Brutal Berlin

Nein, JFK war kein Berliner – ein paar Fakten, die Zugezogene nie kapieren

Es ist anstrengend, dass sich gerade die Zugezogenen am meisten über Berlin beschweren: zu dreckig, zu unfreundlich, zu voll. Dürfen die das?
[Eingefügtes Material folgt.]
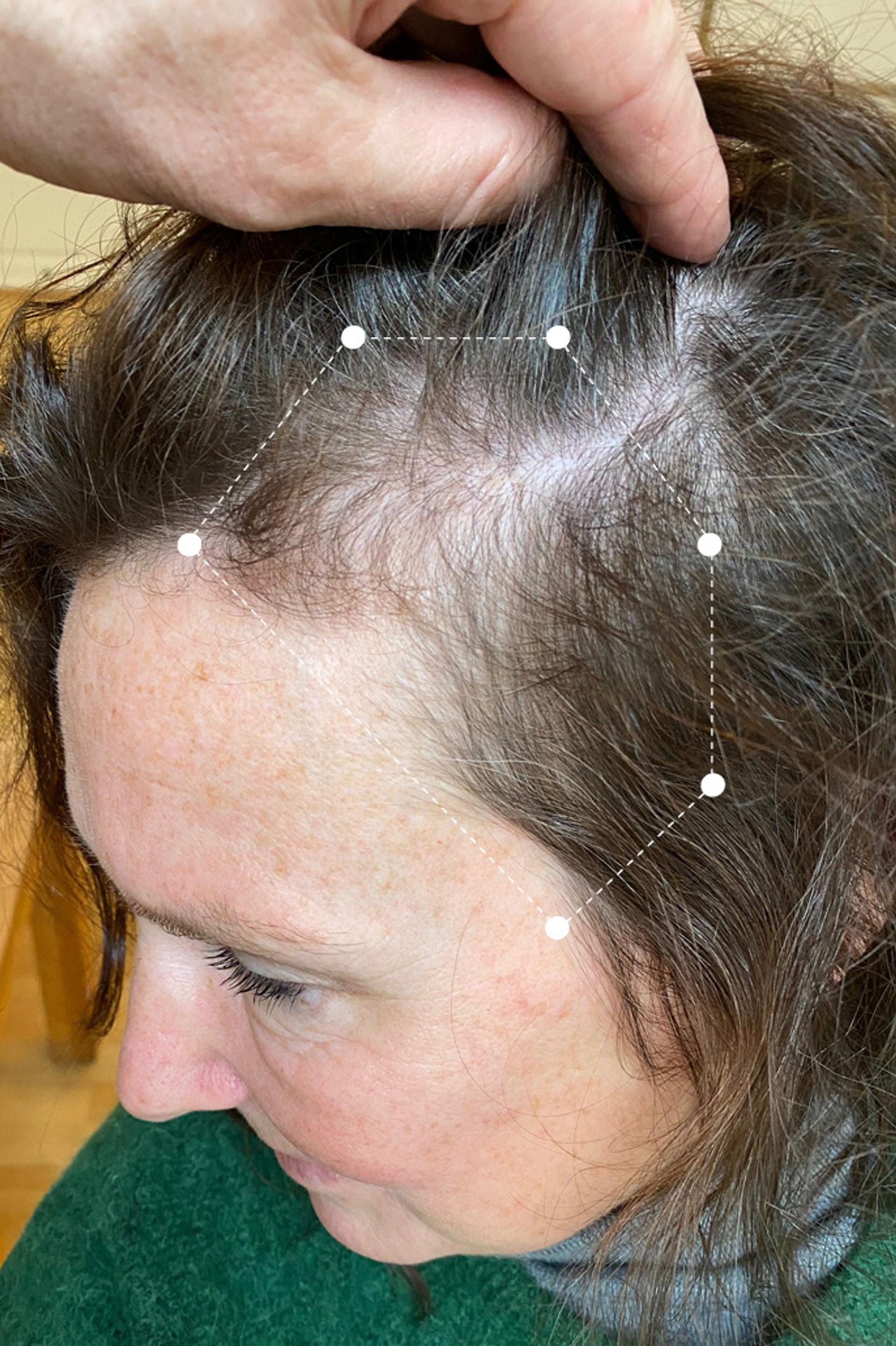 Side of head close up of brunette woman's scalp before going on the Harklinikken Regimen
Klischees, Klischees, Klischees: Kaum etwas anderes fällt den meisten Zugezogenen ein, wenn sie über Berlin sprechen. Das ist genauso nervig wie der überstrapazierte Berliner Bär. 
Klischees, Klischees, Klischees: Kaum etwas anderes fällt den meisten Zugezogenen ein, wenn sie über Berlin sprechen. Das ist genauso nervig wie der überstrapazierte Berliner Bär. Uroš Pajović/Berliner Zeitung am Wochenende. Bilder: imago

Rosenthaler Platz, Pik As, Freitagabend. Der Typ mir gegenüber beugt sich über den Tisch, als vertraue er mir gleich sein größtes Geheimnis an. „Ich hab da so eine supercoole Ecke entdeckt“, flüstert er, „der Mauerpark, ist vor allem am Sonntag voll nice!“ Ich kann mir nur schwer ein Augenrollen verkneifen. Was kommt als Nächstes? Dass die Museumsinsel „voll schön“ ist und ob ich denn eigentlich schon mal vom Berghain gehört habe? Alles „Geheimtipps“ eines frisch Zugezogenen, ihr versteht.
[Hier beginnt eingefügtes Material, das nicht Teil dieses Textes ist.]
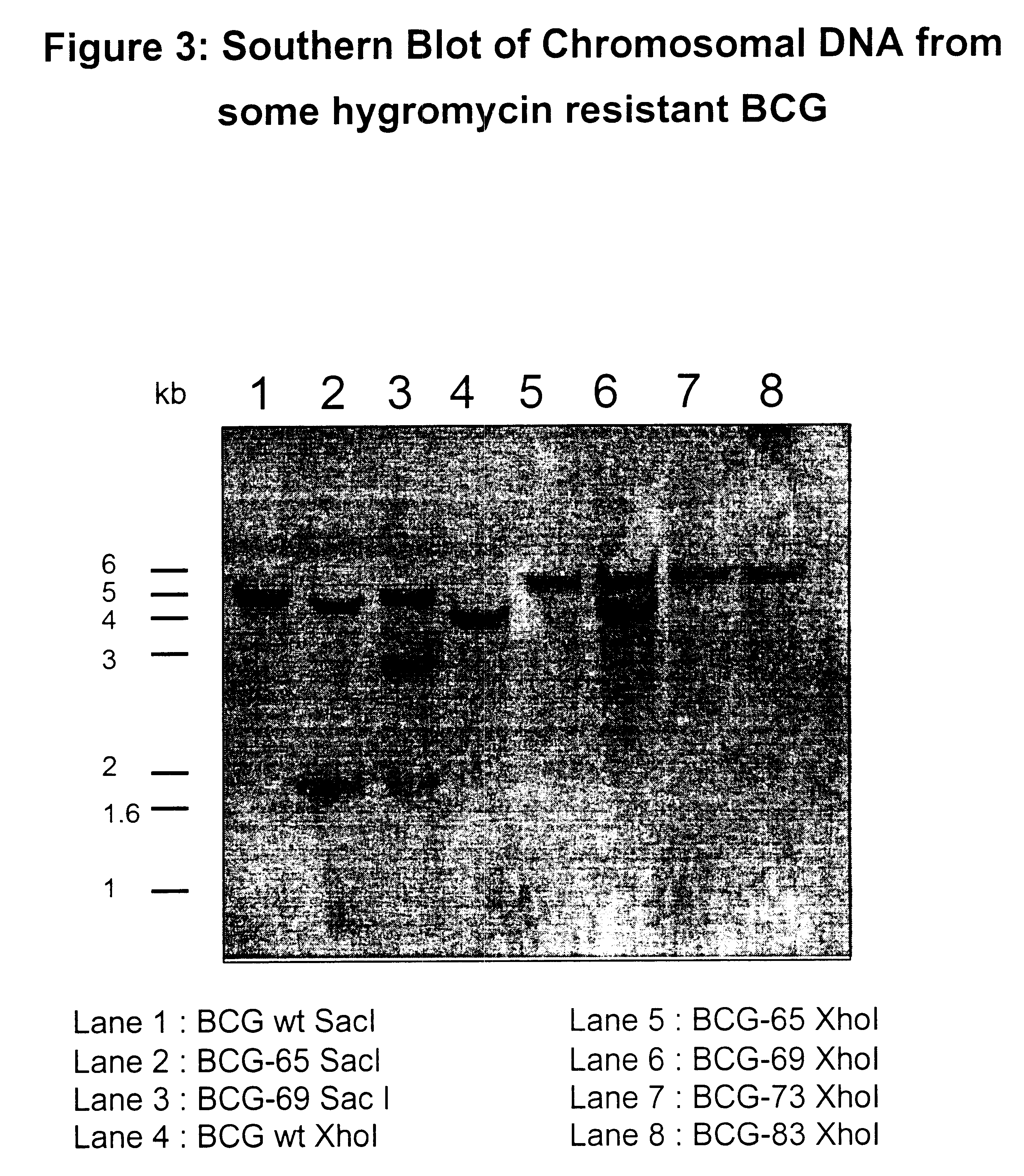 Attenuated strains of mycobacteria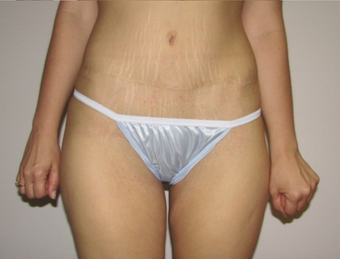 Tummy Tuck after 410415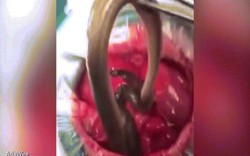 Video: Gắp lươn dài 50cm trong ổ bụng bệnh nhân ở Trung Quốc
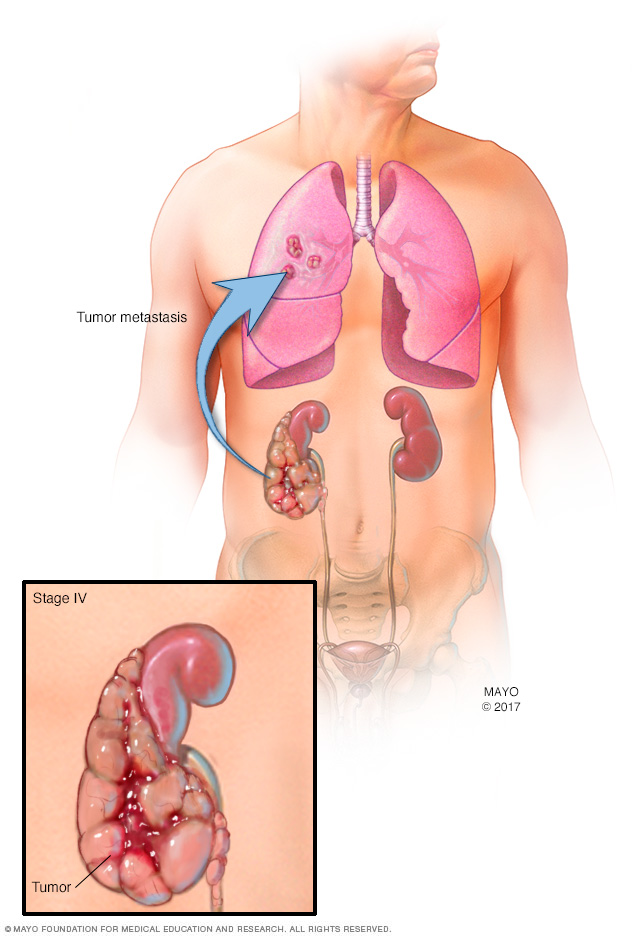 Trin IV nyretumor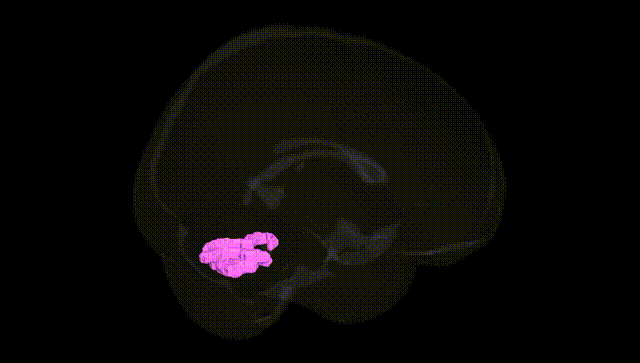 Full Brain Black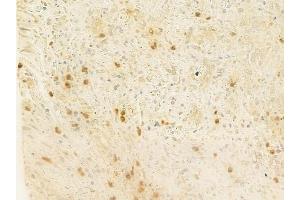 ABIN6261778 and ABIN6278766 at 1/100 staining human prostate carcinoma by IHC-P. (ZFPM2 antibody  (C-Term))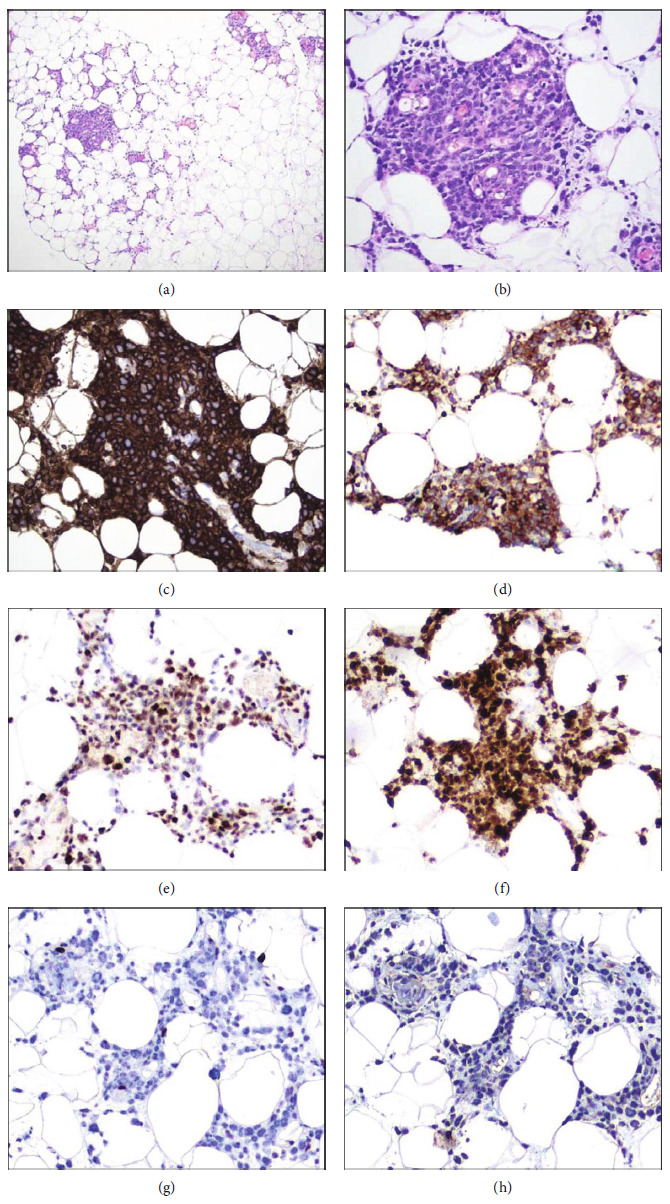 Diffuse Large B-Cell Lymphoma, Not Otherwise Specified (DLBCL NOS) Presenting as Multiple Subcutaneous Nodules: An Unusual Cutaneous Presentation of Systemic Disease.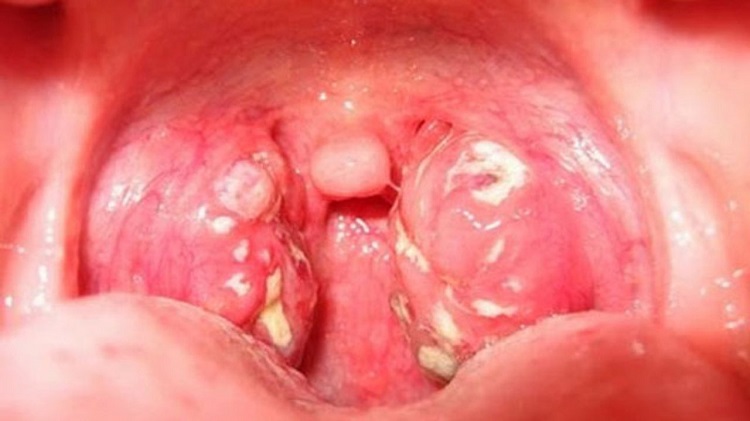 Viêm họng do liên cầu khuẩn có thể gặp một số biến chứng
Ich bin eine Berlinerin. Das muss ich jetzt noch einmal so sagen, auch wenn dieser Satz, ausgesprochen von John F. Kennedy am Schöneberger Rathaus vor genau 60 Jahren, einen ziemlichen Bart hat. So weit, mich als ein Berliner Urgestein zu bezeichnen, würde ich nicht gehen.
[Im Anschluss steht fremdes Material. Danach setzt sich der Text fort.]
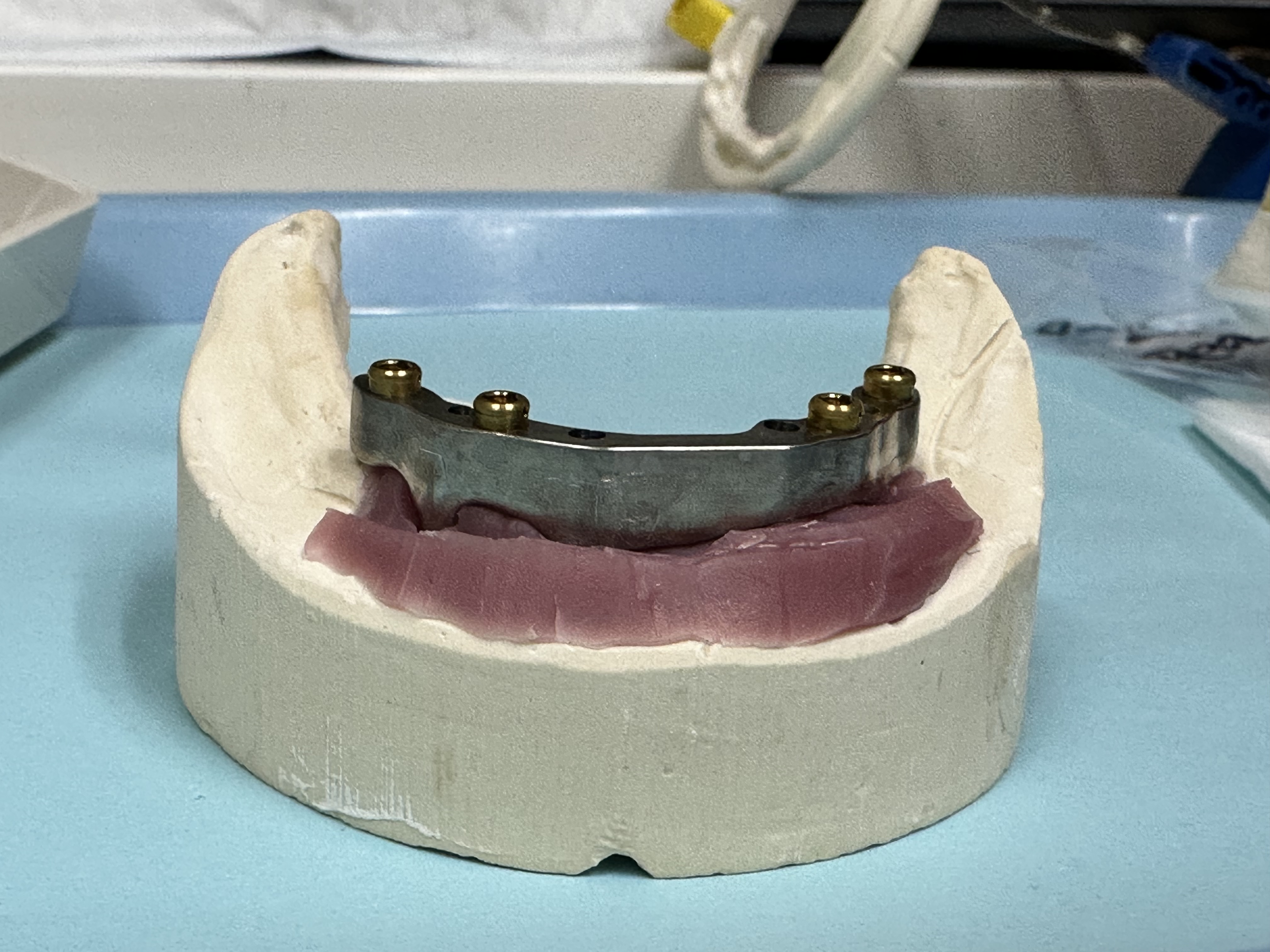 Implant bar on model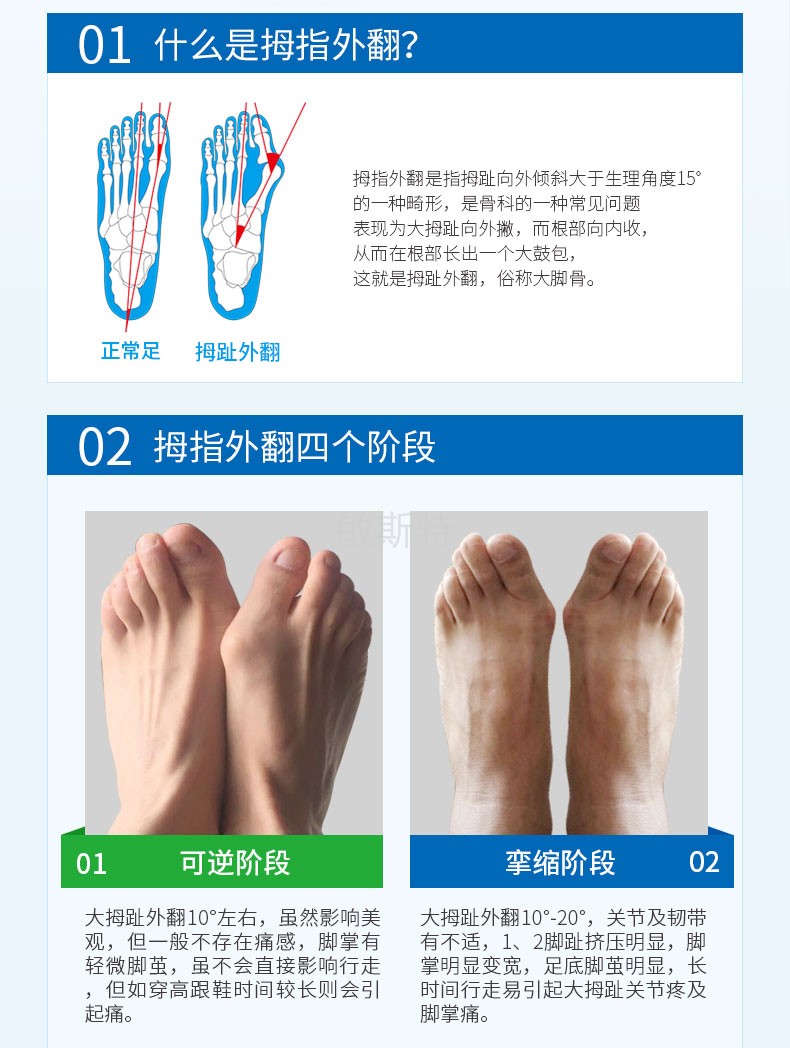 敏斯特大拇指外翻矫正伸张带脚趾外翻脚骨锻炼带矫正器分趾拉力带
Aber ich bin auch: eine 18-Jährige, Ost-Berlinerin, Studentin und Amateur-Fußballerin. Wahrscheinlich gibt es viele Zugezogene, die viel mehr von Berlin kennen als ich. Tatsächliche Berliner Urgesteine sind meine Großeltern Jochen und Christa. Das oberste Geschoss des wunderschönen Altbaus an der Ecke Kollwitz- und Sredzkistraße gegenüber vom Sowohl Als Auch hatte zu Ostzeiten ihnen gehört.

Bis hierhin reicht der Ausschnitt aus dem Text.